Anomalies are interesting because they may represent errors, fraud, or other unusual events and may be difficult to detect because they are rare and may not be easily identified. Anomaly detection is often used in fraud detection, network security, and other areas where unusual events are important. For example, one way to detect credit card fraud is to look for unusual transactions (as compared with normal transactions, but note that supervised learning may also be used to detect credit card fraud).

There are different anomaly detection algorithms. h2o has a number of these available. References to some descriptions are provided at the end of the chapter. Many of the same considerations for clustering apply to anomaly detection techniques.

Anomaly detection for accounting data

There are various reasons anomaly detection can be useful for addressing accounting relevant questions or using accounting data. First, many accounting variables have skewed or extreme observations. Second, there are many instances where a small number of unknown observations are particularly important. For example, in fraud detection, we may want to identify a small number of fraudulent transactions. Third, anomalies may be important for understanding the data. For example, if a small number of observations are very different from the rest of the data, you may want to understand why these observations are different.

Example with h2o in R

The data for this chapter will be simulated data for sales transactions. The data set is the record of sales transactions: https://www.dropbox.com/scl/fi/tgvjfo5zpnc3nj63y6h2v/SalesTransactions2024.csv?rlkey=m03aolytfd1cgjpq7ipfb5ve9&dl=0.

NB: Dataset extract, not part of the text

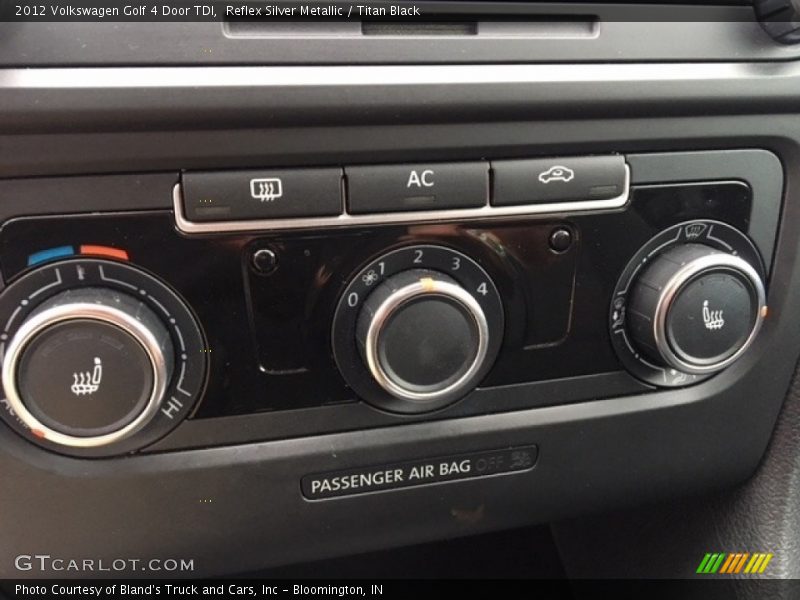 Reflex Silver Metallic / Titan Black 2012 Volkswagen Golf 4 Door TDI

This section will apply clustering and then anomaly detection techniques with h2o to the sales transaction data. There are based packages and other packages that can be used for clustering and anomaly detection. This chapter will use h2o versions to stay as close as possible to the code in prior chapters. The h2o version of k-means (https://docs.h2o.ai/h2o/latest-stable/h2o-docs/data-science/k-means.html) includes functions that can automate some of the steps, for example, estimating the best k to use.

Because clustering and anomaly detection are primarily exploratory analyses, they might be used at any point in the data analysis process starting with the raw values and including finalized, standardized data. Anomaly detection might be use to find outliers on training data before fitting a model. It might also be applied to predict anomalies on new data.

Data and environment set up

Preparing the data and environment includes loading necessary packages, setting up the h2o environment, and preparing and selecting features for analysis.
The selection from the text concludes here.